February 1, 2015 (Vol. 35, No. 3)
Mark Hughes Ph.D. Senior Product Manager Thomson Reuters
Understanding Disease Mechanisms through Multi-Omics Data Integration Pathway Analysis
Advancements in next-generation sequencing (NGS) technologies have enabled researchers to generate genome-wide data of unprecedented quality and quantity. Genomics, expression, microRNA, chromatin IP, methylation, histone modification, and more recently chromosome confirmation capture are rapidly moving into the clinical setting. Projects like 1000 Genomes, Encode, Blueprint, and many smaller projects are providing a rich source of background information and understanding of the genome and the epigenome in relation to normal and disease states.
These applications and content are utilized in numerous research fields from early disease understanding and patient stratification through preclinical and clinical applications like precision medicine. With data generation growing at an exponential rate, the need for efficient analyses, data reduction, and comprehensible visualizations is critical for biomedical interpretation of NGS data.
In the precision medicine age companies are trying to identify specific variants within a group of patients that are then targeted in the drug development pipeline. Identifying these patient cohorts has been greatly advanced by NGS analysis; however the scale, volume, and diversity of data possible with cohort studies and multiple omics approaches all present new challenges.
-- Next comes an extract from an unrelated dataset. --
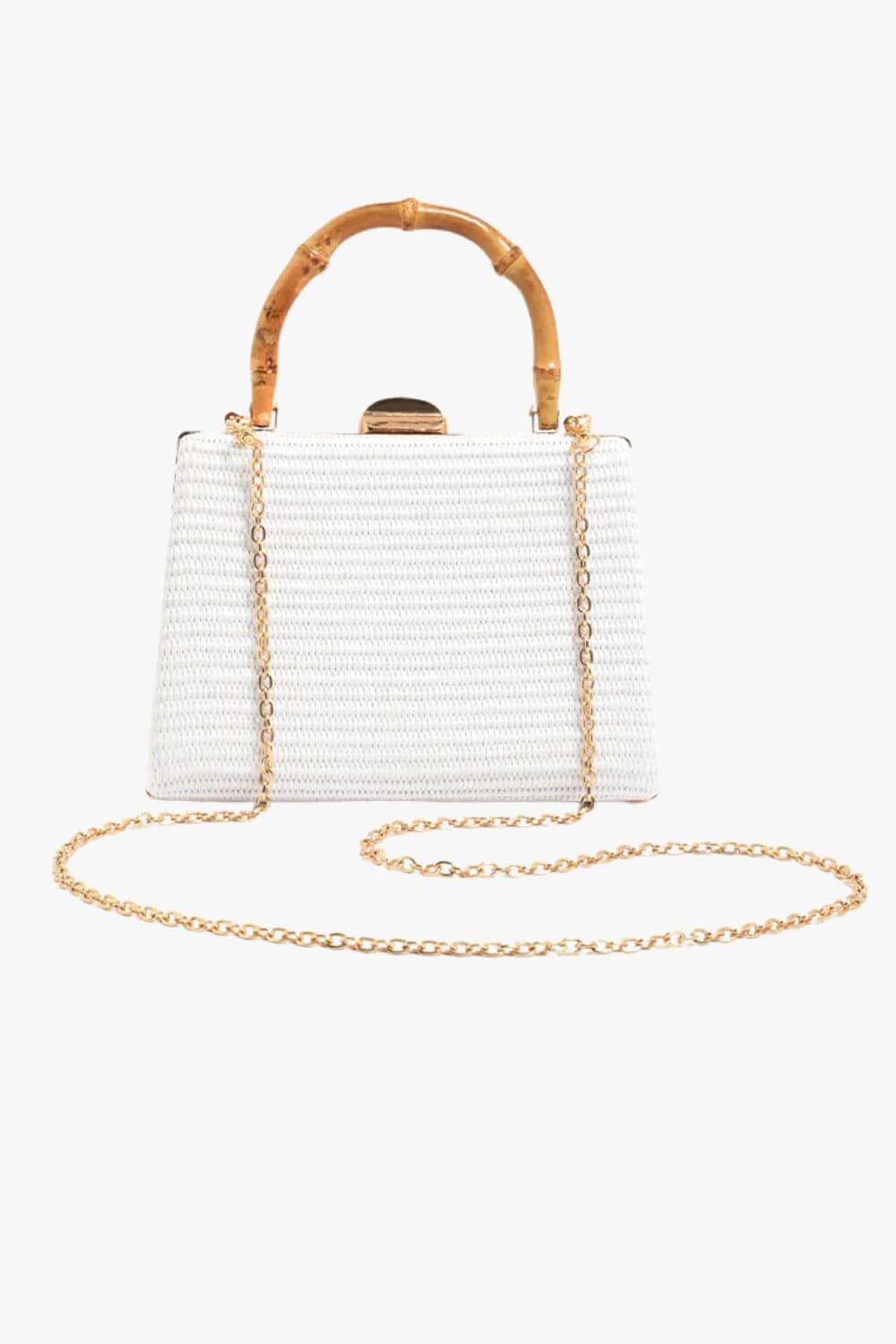 Adorne Bamboo Handle Weave Small Bag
From just handling these large files to identifying the significant data out of the hundreds of millions of data points generated, a systems approach is needed to combine it and aid in identifying driver mutations of a disease.
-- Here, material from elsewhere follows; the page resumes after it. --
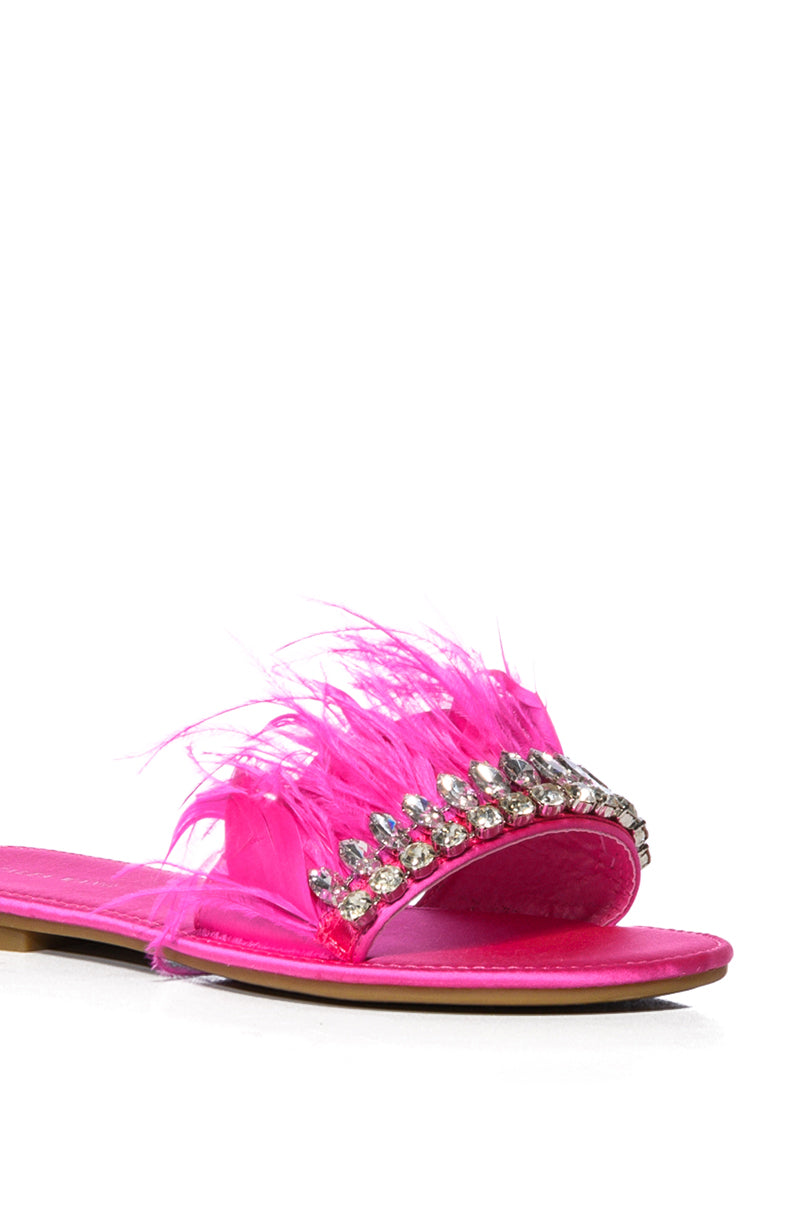 Extra View Azalea Wang Ontario Embellished Feather Flat Sandal In Fuchsia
Thomson Reuters has enhanced the scope of data and types of analysis needed with MetaCoreTM, an integrated software suite for functional analysis of NGS, variant, CNV, expression, metabolic, SAGE, proteomics, siRNA, microRNA, and screening data to include a variant analysis workflow within the system.
Looking at the NGS pipeline, from raw files to biomedical knowledge, starts with the alignment of raw reads and subsequent analysis of the dataset to compare them to reference or a control/s. Following this are application-specific steps, e.g., variant analysis or expression analysis.
The first steps of the pipeline, demanding in terms of processing power and storage requirements, can be automated and pipelined for high-throughput analyses. Turning this output into meaningful results, however, requires interpretive downstream analysis steps to layer the biological meaning around the data. To achieve this, a significant amount of high-quality background information at several different levels is required.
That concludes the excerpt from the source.